Task item - Would you please retype, exactly, the lines of the listing below between the line with "Duta Besar Palestina" and the line with "Heat Transfer", inclusive?

Records to use -
*** Begin section ***

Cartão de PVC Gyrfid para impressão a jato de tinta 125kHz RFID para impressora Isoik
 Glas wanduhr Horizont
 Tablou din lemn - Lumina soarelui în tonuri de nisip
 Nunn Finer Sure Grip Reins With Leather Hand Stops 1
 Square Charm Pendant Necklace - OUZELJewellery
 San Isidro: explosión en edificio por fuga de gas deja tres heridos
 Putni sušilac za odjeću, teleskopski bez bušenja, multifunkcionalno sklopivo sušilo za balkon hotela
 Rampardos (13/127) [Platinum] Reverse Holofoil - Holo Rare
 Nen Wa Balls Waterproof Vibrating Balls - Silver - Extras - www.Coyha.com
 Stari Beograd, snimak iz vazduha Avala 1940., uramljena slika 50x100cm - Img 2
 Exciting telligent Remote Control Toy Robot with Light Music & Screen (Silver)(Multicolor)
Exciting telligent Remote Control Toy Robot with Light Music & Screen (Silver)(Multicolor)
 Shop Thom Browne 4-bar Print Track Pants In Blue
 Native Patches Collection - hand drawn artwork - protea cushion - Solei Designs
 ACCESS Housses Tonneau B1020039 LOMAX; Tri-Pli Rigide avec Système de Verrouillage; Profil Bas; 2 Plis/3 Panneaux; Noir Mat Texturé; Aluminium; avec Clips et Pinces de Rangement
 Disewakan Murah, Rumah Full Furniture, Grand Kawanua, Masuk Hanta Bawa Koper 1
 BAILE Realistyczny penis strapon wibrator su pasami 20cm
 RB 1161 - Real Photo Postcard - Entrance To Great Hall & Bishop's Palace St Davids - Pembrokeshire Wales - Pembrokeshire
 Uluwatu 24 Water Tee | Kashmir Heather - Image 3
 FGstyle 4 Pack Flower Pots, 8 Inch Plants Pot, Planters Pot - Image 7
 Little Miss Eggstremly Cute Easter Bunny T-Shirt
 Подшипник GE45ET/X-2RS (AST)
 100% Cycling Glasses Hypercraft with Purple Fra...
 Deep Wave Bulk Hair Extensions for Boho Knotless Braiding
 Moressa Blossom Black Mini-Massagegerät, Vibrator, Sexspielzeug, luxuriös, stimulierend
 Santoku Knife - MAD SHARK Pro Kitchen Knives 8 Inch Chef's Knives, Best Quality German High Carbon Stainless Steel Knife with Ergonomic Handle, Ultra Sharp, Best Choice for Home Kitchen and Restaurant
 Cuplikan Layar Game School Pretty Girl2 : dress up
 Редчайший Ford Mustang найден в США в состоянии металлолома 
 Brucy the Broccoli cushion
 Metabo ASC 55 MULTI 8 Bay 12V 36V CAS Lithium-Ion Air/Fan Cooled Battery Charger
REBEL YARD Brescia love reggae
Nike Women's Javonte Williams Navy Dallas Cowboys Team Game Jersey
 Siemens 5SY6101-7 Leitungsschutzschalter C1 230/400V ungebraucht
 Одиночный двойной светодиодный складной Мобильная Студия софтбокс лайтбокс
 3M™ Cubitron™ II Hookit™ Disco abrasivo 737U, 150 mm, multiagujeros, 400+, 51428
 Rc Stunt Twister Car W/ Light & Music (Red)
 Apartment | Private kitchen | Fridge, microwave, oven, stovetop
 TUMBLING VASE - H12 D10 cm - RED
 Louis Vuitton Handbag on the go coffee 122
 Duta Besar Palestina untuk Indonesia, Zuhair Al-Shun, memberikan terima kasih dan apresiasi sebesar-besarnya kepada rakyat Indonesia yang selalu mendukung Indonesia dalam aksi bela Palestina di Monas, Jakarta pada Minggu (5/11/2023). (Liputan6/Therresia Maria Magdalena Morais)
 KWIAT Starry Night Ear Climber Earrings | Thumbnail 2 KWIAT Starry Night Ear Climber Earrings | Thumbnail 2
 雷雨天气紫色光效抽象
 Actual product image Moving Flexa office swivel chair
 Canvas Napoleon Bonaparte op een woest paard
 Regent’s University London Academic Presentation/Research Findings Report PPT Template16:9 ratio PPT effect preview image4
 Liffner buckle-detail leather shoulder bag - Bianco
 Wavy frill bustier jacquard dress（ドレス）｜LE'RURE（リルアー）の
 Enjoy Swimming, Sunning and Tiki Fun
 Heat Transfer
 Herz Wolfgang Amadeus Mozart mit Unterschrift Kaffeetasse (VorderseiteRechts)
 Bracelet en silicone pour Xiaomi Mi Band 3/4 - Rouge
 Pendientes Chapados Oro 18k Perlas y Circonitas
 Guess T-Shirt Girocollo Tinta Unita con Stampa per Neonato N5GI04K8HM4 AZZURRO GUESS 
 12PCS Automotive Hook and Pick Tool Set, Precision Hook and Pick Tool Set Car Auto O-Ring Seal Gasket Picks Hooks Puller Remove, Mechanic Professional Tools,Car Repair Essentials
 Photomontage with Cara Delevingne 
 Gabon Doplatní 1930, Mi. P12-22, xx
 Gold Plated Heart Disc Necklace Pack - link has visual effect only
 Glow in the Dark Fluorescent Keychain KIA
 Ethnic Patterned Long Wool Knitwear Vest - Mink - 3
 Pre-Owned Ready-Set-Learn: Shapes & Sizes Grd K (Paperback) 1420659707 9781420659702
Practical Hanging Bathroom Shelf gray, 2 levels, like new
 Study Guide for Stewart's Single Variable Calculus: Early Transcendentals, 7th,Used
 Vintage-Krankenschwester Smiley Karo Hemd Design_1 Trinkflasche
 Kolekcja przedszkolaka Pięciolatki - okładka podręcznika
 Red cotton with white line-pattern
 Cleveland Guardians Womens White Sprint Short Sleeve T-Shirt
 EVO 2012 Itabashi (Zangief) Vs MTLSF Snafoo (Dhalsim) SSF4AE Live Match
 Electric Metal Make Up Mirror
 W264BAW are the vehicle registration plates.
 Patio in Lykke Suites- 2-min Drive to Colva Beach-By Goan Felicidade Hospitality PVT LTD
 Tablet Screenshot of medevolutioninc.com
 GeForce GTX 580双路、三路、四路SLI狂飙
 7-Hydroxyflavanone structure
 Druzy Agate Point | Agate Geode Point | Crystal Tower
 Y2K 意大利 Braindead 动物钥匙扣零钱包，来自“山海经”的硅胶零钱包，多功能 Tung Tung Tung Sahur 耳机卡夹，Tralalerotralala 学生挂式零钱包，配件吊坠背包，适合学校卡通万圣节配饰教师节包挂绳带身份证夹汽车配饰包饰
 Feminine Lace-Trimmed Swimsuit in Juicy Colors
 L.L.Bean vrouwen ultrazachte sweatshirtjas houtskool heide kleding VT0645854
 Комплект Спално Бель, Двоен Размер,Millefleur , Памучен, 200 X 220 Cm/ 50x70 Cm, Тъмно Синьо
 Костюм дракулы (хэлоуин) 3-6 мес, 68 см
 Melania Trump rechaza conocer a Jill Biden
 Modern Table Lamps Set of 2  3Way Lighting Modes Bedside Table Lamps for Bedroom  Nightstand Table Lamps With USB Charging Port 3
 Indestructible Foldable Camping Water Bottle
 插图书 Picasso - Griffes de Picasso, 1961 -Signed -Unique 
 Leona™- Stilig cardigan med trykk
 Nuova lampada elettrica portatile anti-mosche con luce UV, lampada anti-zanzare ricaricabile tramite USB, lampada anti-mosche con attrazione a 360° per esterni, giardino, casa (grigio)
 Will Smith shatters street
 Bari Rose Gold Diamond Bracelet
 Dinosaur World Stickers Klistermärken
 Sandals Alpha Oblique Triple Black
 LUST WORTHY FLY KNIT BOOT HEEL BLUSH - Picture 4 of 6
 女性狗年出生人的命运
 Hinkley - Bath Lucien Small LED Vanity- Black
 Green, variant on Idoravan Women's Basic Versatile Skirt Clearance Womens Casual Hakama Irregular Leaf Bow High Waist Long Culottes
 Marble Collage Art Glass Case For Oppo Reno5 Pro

*** End section ***

Reply -
 Duta Besar Palestina untuk Indonesia, Zuhair Al-Shun, memberikan terima kasih dan apresiasi sebesar-besarnya kepada rakyat Indonesia yang selalu mendukung Indonesia dalam aksi bela Palestina di Monas, Jakarta pada Minggu (5/11/2023). (Liputan6/Therresia Maria Magdalena Morais)
 KWIAT Starry Night Ear Climber Earrings | Thumbnail 2 KWIAT Starry Night Ear Climber Earrings | Thumbnail 2
 雷雨天气紫色光效抽象
 Actual product image Moving Flexa office swivel chair
 Canvas Napoleon Bonaparte op een woest paard
 Regent’s University London Academic Presentation/Research Findings Report PPT Template16:9 ratio PPT effect preview image4
 Liffner buckle-detail leather shoulder bag - Bianco
 Wavy frill bustier jacquard dress（ドレス）｜LE'RURE（リルアー）の
 Enjoy Swimming, Sunning and Tiki Fun
 Heat Transfer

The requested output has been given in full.